## SOURCE DATA
□ □ □ □
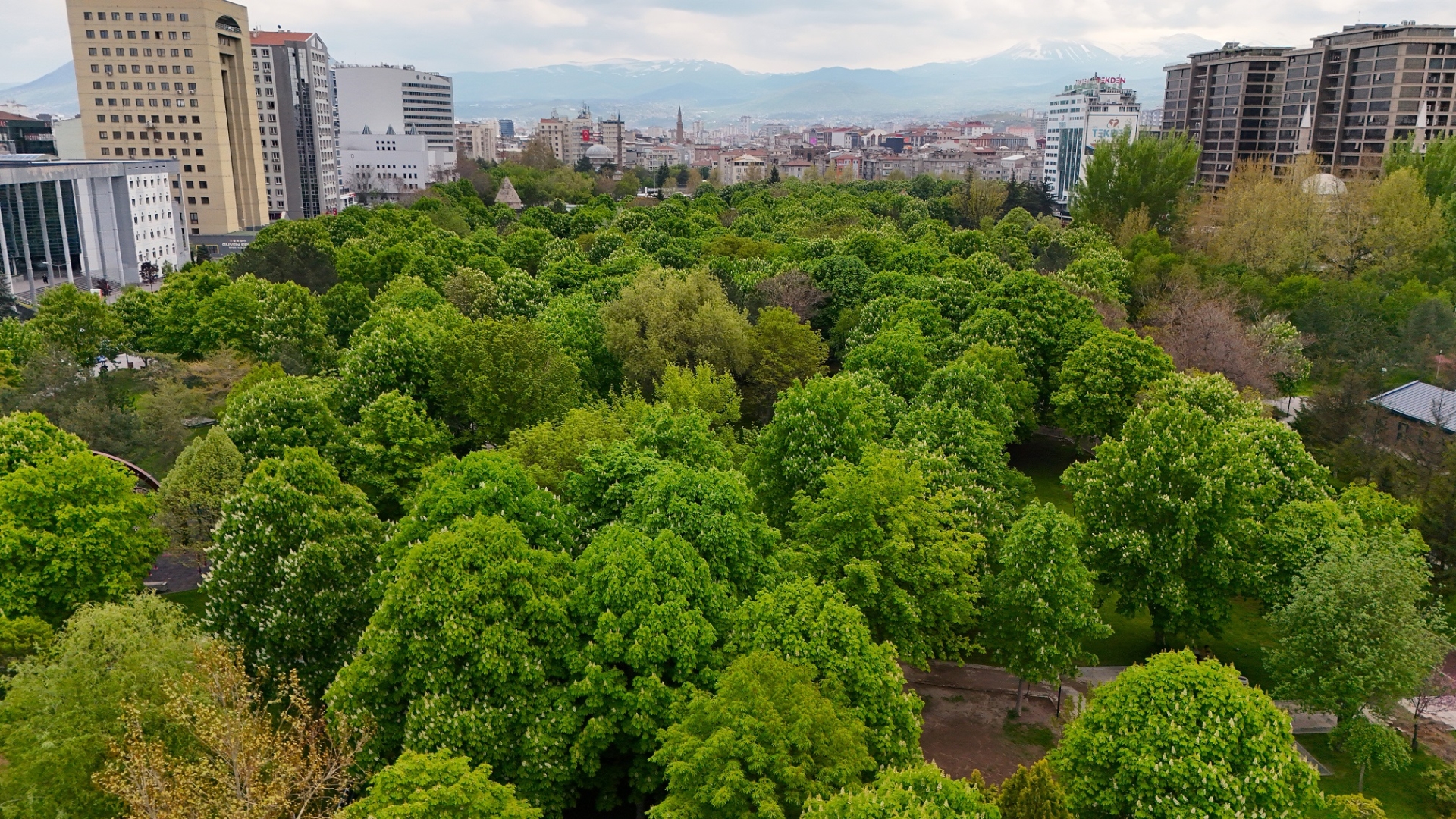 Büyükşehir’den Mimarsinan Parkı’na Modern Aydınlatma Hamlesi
□ □ □ □
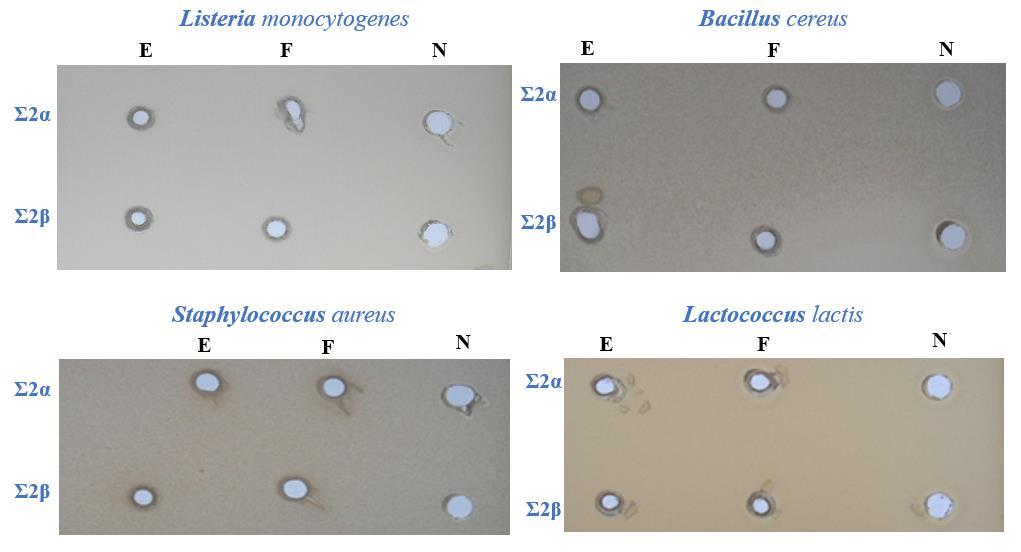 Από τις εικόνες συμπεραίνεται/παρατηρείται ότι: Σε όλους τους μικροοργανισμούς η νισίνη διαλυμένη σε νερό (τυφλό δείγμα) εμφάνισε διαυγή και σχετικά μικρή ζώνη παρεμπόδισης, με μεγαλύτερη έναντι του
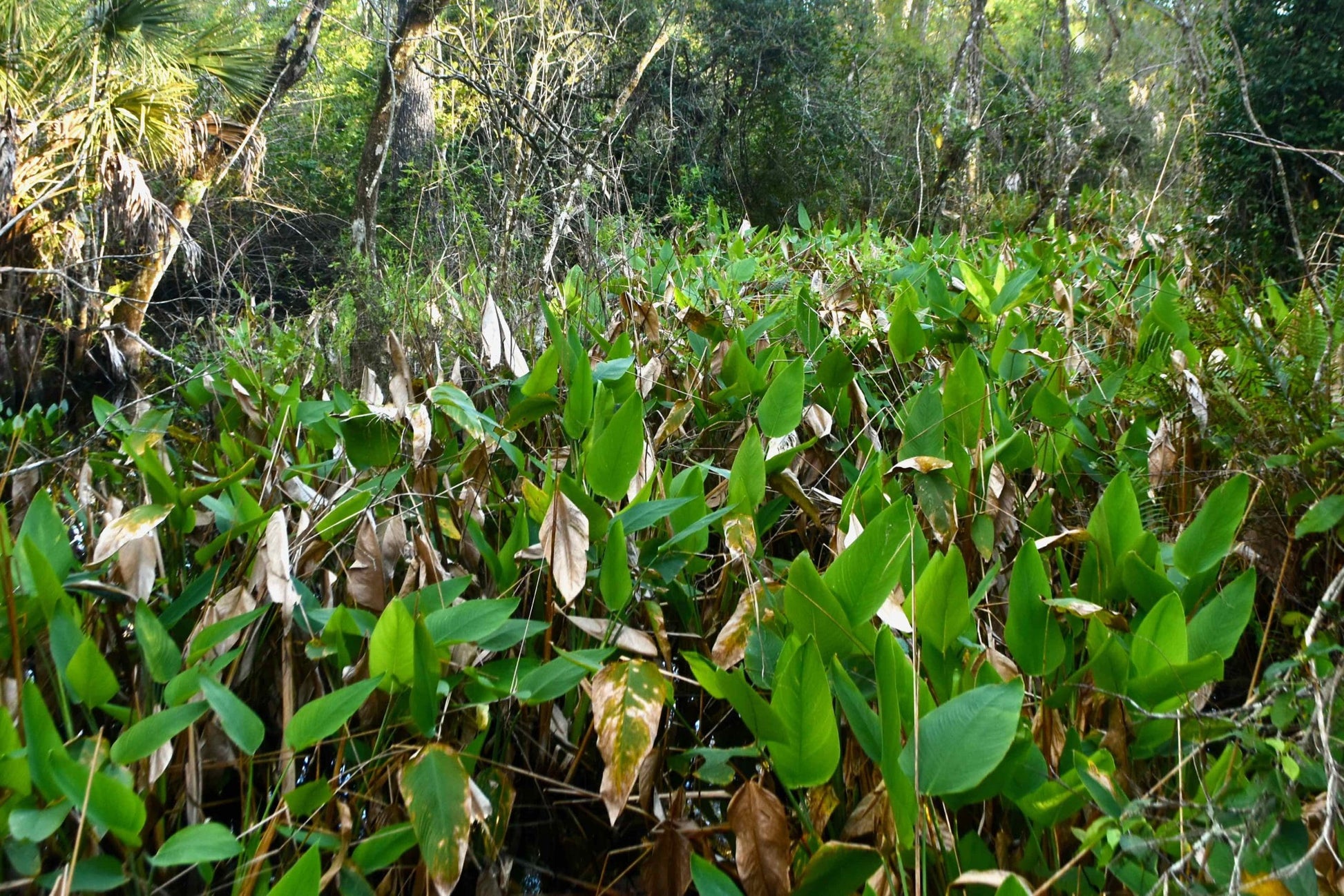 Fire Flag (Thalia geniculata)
□ □ □ □
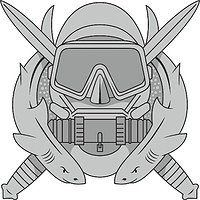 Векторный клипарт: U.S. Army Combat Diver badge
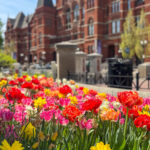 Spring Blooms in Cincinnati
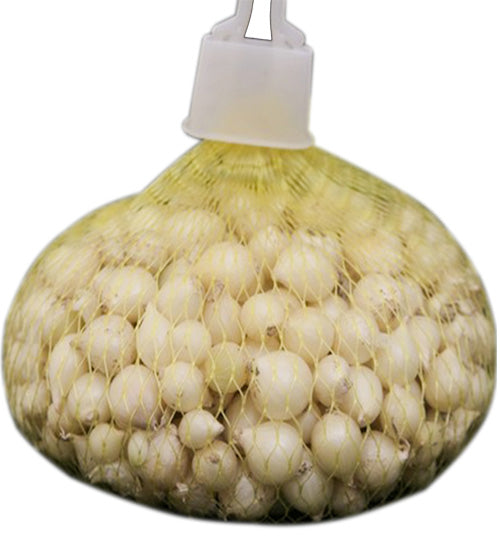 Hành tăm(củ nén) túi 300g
□ □ □ □
## PROMPT
Using the records above, return word for word the lines that begin at the one containing "Spring Blooms in Cincinnati" and end at the one containing "Hành tăm(củ nén) túi 300g", both of them included and no pictures.

## ANSWER SPACE
 Spring Blooms in Cincinnati
 Hành tăm(củ nén) túi 300g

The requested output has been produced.